For the set $S_1$, you form the matrix $$ \begin{pmatrix} 1 & 2 &-1 \\ 0 & 1 & 1 \\ 2 & 5 &-1 \end{pmatrix}\sim \begin{pmatrix} 1 & 2 &-1 \\ 0 & 1 & 1 \\ 0 & 1 & 1 \end{pmatrix}\sim \begin{pmatrix} 1 & 2 &-1 \\ 0 & 1 & 1 \\ 0 & 0 & 0 \end{pmatrix}\sim \begin{pmatrix} 1 & 0 &-3 \\ 0 & 1 & 1 \\ 0 & 0 & 0 \end{pmatrix} $$ For the set $S_2$, you form the matrix $$ \begin{pmatrix} -2 &-6 & 0 \\ 1 & 1 &-2 \end{pmatrix}\sim \begin{pmatrix} 1 & 3 & 0 \\ 1 & 1 &-2 \end{pmatrix}\sim \begin{pmatrix} 1 & 3 & 0 \\ 0 &-2 &-2 \end{pmatrix}\sim \begin{pmatrix} 1 & 3 & 0 \\ 0 & 1 & 1 \end{pmatrix}\sim \begin{pmatrix} 1 & 0 &-3 \\ 0 & 1 & 1 \end{pmatrix} $$
Since we know that elementary row operations do not change row space, we see that $$\newcommand{\span}{\operatorname{span}}\span(S_1) = \span\{(1,0,-3),(0,1,1)\} = \span(S_2).$$
This methods works in general. If the non-zero rows in the rrefs are different, that means $\span(S_1) \ne \span(S_2)$.

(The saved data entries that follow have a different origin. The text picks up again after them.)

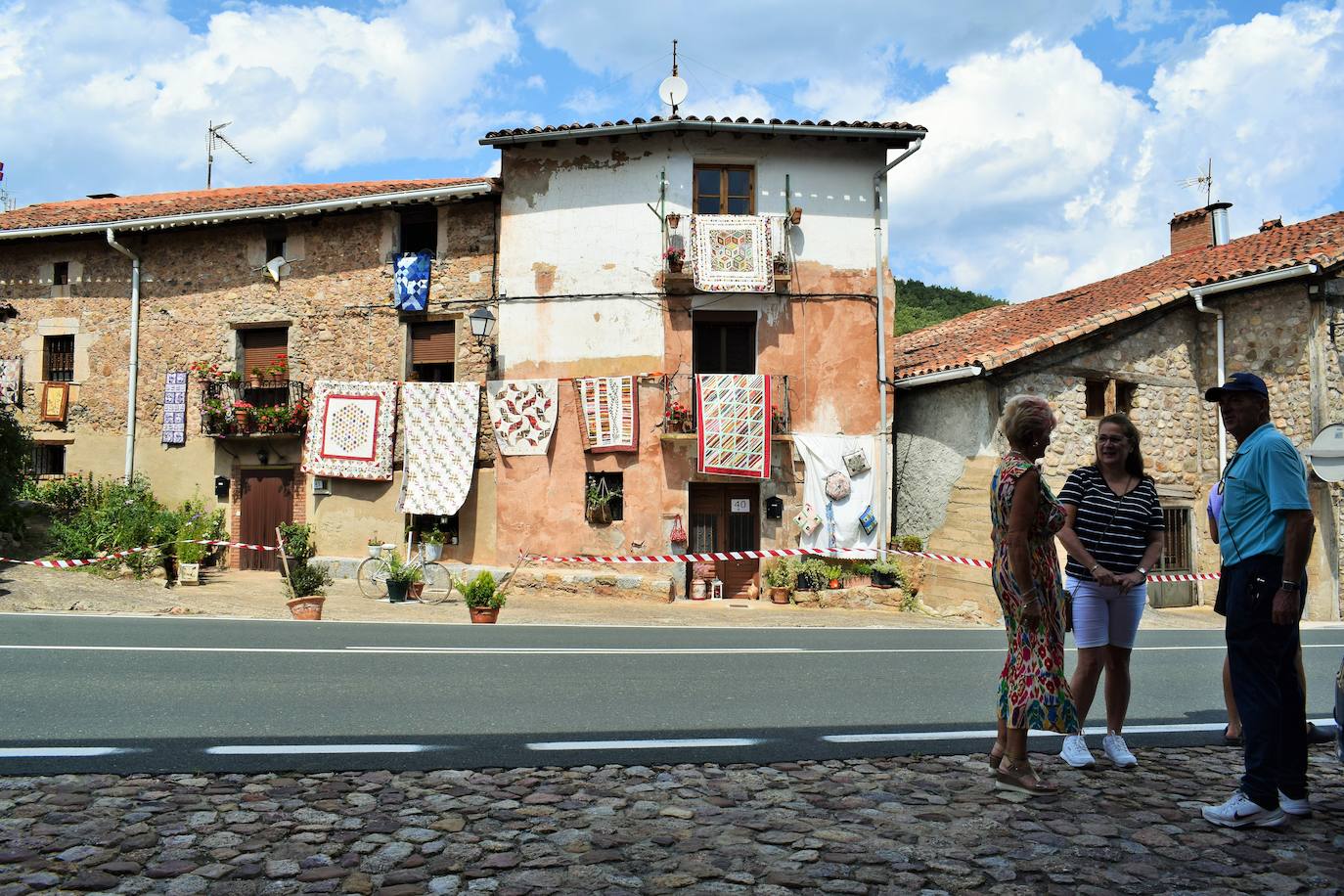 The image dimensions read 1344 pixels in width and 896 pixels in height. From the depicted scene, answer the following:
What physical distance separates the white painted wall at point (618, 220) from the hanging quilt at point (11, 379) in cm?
1110

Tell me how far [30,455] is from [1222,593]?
21073 millimetres

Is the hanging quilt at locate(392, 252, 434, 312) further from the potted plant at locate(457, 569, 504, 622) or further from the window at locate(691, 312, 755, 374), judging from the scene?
the potted plant at locate(457, 569, 504, 622)

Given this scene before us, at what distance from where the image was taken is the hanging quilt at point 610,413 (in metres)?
17.6

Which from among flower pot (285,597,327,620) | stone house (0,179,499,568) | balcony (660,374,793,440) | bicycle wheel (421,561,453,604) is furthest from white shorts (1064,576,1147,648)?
stone house (0,179,499,568)

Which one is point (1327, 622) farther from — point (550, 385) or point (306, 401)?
point (306, 401)

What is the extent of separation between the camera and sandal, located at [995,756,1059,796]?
431 cm

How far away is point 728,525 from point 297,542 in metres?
8.34

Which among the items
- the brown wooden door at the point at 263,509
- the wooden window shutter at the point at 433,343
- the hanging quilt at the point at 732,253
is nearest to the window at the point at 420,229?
the wooden window shutter at the point at 433,343

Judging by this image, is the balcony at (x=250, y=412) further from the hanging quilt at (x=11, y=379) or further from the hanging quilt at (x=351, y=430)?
the hanging quilt at (x=11, y=379)

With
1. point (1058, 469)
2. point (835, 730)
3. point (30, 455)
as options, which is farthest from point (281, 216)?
point (835, 730)

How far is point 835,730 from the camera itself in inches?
225

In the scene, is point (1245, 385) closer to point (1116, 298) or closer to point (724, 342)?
point (724, 342)

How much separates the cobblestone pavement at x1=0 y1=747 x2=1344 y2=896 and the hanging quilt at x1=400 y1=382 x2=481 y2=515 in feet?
45.9

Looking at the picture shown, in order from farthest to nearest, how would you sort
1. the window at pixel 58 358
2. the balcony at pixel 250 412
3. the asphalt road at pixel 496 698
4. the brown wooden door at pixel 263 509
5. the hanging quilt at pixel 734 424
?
1. the window at pixel 58 358
2. the brown wooden door at pixel 263 509
3. the balcony at pixel 250 412
4. the hanging quilt at pixel 734 424
5. the asphalt road at pixel 496 698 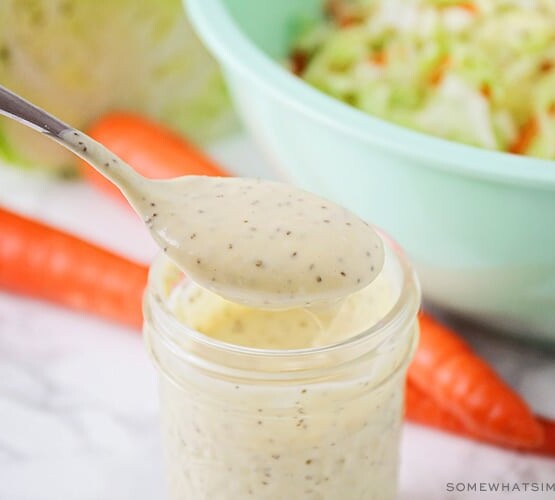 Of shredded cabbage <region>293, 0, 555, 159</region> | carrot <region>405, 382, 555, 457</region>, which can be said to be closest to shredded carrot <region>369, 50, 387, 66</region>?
shredded cabbage <region>293, 0, 555, 159</region>

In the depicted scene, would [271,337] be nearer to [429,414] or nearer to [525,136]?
[429,414]

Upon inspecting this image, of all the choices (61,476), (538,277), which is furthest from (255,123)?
(61,476)

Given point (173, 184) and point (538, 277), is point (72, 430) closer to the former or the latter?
point (173, 184)

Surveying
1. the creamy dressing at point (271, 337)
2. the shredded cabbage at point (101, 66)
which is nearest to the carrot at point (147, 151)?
the shredded cabbage at point (101, 66)

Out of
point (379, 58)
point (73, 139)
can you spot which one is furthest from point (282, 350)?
Answer: point (379, 58)

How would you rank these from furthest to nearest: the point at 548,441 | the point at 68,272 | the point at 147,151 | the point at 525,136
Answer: the point at 147,151
the point at 68,272
the point at 525,136
the point at 548,441

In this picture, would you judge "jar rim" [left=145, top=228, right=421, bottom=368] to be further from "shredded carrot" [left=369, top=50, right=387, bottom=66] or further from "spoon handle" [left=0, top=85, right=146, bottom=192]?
"shredded carrot" [left=369, top=50, right=387, bottom=66] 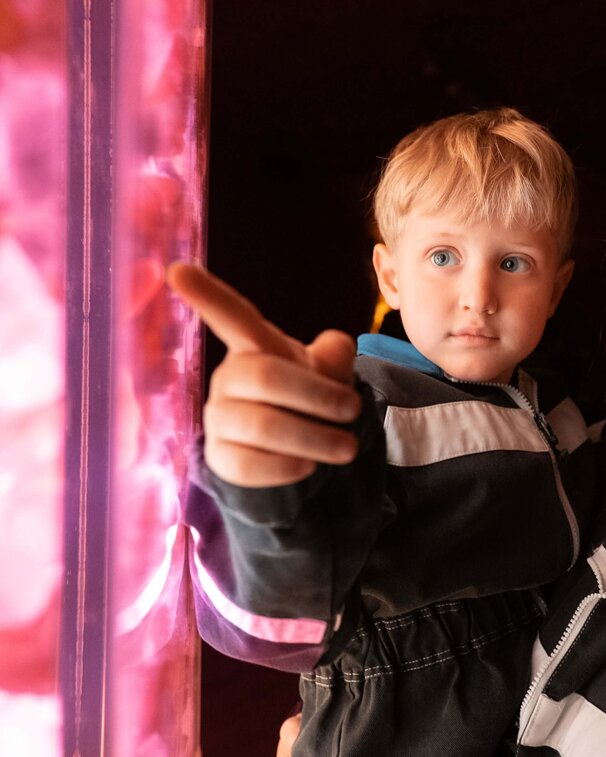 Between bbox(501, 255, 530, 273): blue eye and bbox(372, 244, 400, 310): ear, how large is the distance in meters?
0.12

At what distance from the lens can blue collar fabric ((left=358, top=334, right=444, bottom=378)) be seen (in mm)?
751

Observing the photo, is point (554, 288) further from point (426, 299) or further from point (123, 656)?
point (123, 656)

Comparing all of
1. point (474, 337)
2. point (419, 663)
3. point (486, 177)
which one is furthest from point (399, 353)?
point (419, 663)

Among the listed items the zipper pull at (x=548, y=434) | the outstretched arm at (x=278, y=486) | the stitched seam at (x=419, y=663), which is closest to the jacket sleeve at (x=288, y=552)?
the outstretched arm at (x=278, y=486)

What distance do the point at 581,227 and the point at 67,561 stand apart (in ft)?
2.43

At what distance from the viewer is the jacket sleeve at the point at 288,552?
18.4 inches

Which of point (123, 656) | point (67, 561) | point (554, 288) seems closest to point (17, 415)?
point (67, 561)

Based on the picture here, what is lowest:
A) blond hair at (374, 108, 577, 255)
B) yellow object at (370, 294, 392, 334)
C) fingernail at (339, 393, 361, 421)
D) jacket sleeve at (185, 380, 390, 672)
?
jacket sleeve at (185, 380, 390, 672)

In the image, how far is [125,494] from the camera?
2.13ft

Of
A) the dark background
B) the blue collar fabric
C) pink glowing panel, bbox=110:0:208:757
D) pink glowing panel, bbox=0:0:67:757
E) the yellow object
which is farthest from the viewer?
the yellow object

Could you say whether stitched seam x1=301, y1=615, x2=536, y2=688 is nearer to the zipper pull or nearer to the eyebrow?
the zipper pull

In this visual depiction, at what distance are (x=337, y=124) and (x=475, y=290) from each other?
36 cm

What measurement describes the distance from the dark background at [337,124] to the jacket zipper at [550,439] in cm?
26

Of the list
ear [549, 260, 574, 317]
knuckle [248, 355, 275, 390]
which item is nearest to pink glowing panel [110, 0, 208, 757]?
knuckle [248, 355, 275, 390] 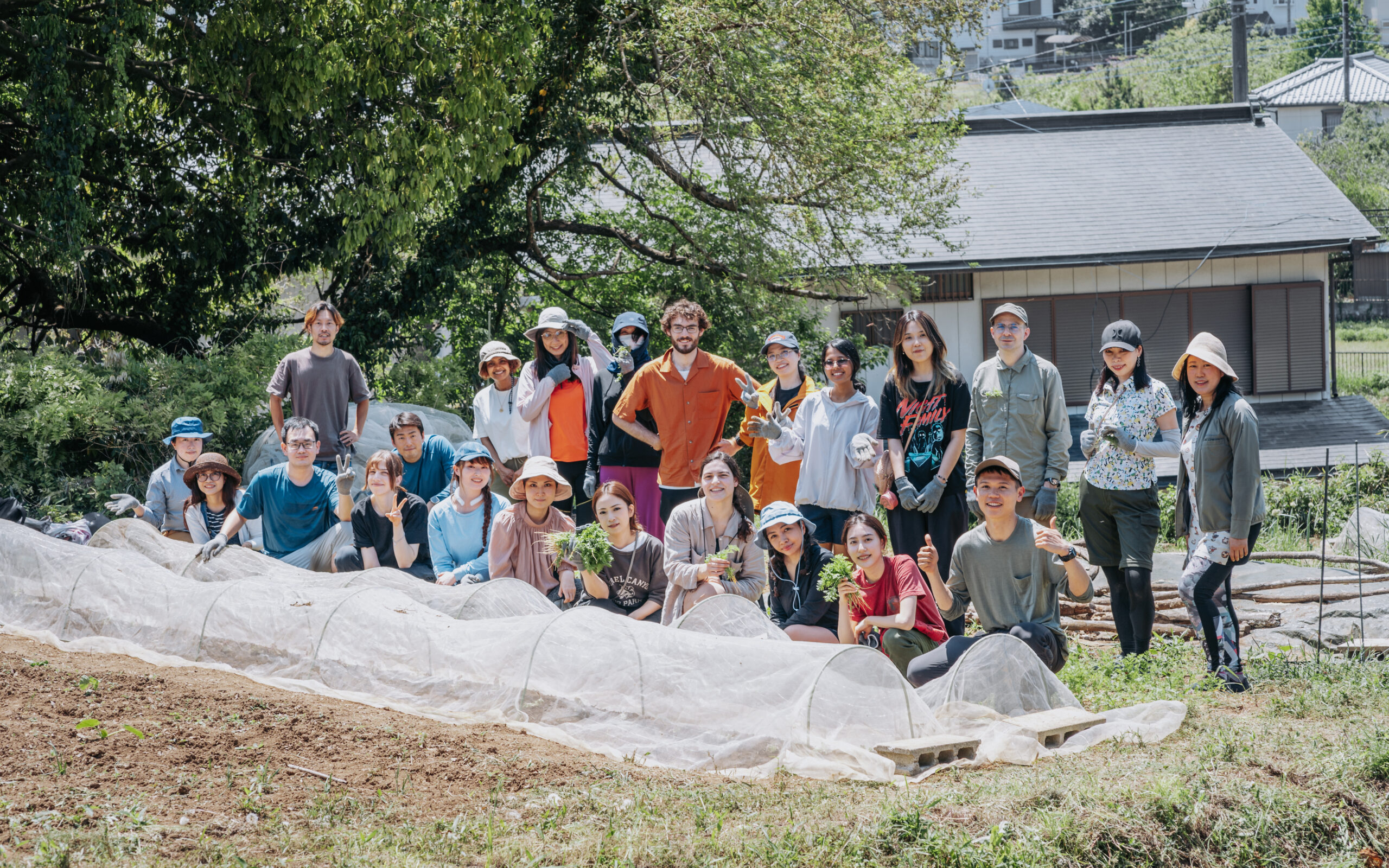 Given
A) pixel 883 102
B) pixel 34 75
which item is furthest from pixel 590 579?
pixel 883 102

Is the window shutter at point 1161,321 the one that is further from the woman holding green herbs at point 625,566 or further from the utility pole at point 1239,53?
A: the woman holding green herbs at point 625,566

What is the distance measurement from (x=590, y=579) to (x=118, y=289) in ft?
26.5

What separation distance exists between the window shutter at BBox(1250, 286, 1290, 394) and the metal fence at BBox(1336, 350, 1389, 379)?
11.3 m

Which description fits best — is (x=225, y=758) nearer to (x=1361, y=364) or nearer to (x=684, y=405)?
(x=684, y=405)

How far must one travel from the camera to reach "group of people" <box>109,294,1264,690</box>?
5.60 metres

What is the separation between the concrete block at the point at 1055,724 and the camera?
16.0 ft

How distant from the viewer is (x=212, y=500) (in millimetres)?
8086

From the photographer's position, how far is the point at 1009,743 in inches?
187

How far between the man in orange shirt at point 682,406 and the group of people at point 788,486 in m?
0.01

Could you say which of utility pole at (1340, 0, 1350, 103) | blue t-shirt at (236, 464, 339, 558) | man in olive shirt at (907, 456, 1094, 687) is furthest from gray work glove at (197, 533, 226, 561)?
utility pole at (1340, 0, 1350, 103)

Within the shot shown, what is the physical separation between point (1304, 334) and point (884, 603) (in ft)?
44.0

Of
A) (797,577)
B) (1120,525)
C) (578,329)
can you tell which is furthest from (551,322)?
(1120,525)

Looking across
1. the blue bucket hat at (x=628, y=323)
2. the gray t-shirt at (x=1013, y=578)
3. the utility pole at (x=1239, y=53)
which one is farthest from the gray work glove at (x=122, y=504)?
the utility pole at (x=1239, y=53)

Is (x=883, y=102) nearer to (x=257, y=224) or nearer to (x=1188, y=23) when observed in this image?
(x=257, y=224) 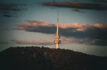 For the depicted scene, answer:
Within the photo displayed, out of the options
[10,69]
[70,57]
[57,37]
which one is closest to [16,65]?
[10,69]

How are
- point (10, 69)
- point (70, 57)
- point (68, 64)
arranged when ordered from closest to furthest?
point (10, 69) → point (68, 64) → point (70, 57)

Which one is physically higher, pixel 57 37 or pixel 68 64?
pixel 57 37

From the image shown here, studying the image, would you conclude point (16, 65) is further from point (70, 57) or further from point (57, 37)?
point (57, 37)

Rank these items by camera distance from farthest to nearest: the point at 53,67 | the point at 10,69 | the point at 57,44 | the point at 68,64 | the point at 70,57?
the point at 57,44 < the point at 70,57 < the point at 68,64 < the point at 53,67 < the point at 10,69

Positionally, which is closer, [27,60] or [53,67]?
[53,67]

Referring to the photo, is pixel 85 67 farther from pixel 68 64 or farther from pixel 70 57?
pixel 70 57

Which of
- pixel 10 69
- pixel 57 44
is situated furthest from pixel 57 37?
pixel 10 69

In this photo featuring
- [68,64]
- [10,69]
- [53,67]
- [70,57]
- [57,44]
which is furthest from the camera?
[57,44]

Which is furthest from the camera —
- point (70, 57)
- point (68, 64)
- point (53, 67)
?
point (70, 57)

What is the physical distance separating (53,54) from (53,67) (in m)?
14.8

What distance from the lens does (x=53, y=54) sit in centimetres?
8519

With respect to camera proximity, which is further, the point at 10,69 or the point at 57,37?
the point at 57,37

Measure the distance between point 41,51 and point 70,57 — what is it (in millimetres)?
11119

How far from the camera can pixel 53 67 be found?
70.6 metres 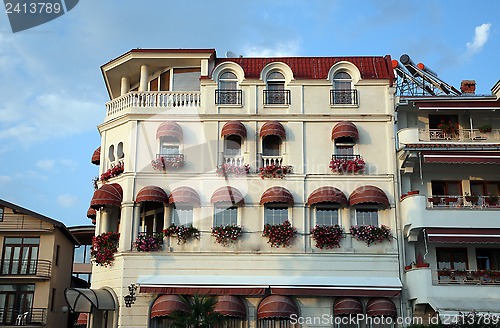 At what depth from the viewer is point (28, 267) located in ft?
127

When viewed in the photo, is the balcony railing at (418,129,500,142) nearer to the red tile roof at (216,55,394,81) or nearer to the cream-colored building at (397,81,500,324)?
the cream-colored building at (397,81,500,324)

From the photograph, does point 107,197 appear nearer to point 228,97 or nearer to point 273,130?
point 228,97

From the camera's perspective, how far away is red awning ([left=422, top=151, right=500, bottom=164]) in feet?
93.8

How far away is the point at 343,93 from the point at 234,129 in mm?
5831

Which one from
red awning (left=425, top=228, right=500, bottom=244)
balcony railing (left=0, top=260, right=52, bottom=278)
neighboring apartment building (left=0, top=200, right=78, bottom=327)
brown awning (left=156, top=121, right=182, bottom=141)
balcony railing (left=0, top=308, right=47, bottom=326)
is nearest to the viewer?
red awning (left=425, top=228, right=500, bottom=244)

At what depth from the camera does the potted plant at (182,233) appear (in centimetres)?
2881

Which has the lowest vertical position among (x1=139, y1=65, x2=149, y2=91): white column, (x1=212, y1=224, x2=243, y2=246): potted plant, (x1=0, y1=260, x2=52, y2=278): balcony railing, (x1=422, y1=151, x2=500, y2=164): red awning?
(x1=0, y1=260, x2=52, y2=278): balcony railing

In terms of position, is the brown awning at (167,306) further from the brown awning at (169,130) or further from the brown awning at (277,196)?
the brown awning at (169,130)

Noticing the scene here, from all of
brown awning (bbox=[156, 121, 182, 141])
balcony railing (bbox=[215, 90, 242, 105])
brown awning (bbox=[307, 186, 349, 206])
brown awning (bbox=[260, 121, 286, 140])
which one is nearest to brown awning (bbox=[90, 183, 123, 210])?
brown awning (bbox=[156, 121, 182, 141])

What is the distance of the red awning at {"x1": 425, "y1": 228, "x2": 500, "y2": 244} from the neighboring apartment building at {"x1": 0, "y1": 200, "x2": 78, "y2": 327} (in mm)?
22866

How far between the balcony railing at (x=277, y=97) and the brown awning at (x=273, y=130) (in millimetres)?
1386

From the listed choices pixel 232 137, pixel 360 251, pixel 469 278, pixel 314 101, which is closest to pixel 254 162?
pixel 232 137

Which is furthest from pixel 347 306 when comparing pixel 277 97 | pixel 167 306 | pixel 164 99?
pixel 164 99

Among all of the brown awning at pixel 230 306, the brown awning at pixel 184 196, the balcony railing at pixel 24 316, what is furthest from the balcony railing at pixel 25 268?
the brown awning at pixel 230 306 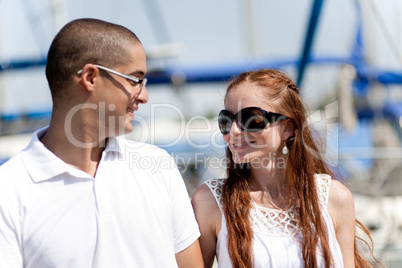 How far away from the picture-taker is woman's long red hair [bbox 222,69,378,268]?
1.93 metres

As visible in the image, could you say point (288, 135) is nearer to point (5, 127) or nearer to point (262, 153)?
point (262, 153)

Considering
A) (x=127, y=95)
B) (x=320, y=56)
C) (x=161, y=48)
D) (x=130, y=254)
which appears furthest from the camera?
(x=161, y=48)

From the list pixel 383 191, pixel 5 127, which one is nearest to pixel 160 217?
pixel 383 191

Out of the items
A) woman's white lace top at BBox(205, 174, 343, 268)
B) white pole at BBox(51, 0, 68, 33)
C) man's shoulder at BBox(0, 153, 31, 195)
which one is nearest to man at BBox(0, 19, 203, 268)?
man's shoulder at BBox(0, 153, 31, 195)

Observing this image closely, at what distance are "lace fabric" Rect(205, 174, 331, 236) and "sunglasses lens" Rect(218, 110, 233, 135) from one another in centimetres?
28

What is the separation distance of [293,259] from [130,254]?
2.49 feet

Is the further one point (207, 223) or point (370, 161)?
point (370, 161)

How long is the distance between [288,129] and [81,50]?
1097 millimetres

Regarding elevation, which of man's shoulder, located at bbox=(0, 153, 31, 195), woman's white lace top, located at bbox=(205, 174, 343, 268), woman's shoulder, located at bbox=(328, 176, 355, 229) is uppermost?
man's shoulder, located at bbox=(0, 153, 31, 195)

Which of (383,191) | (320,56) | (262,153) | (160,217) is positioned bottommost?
(383,191)

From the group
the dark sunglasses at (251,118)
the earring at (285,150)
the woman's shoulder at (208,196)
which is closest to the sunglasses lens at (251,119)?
the dark sunglasses at (251,118)

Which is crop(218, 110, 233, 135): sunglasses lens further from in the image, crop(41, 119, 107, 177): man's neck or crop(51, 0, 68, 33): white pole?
crop(51, 0, 68, 33): white pole

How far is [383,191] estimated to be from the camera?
4.88 meters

To formulate this more clearly, we know that:
Theorem. Let $A$ and $B$ be two $m\times n$ matrices over the same field. The following conditions are equivalent:
- The matrices $A$ and $B$ are row equivalent.
- The matrices $A$ and $B$ have the same row space.
- The matrices $A$ and $B$ have the same reduced row echelon form.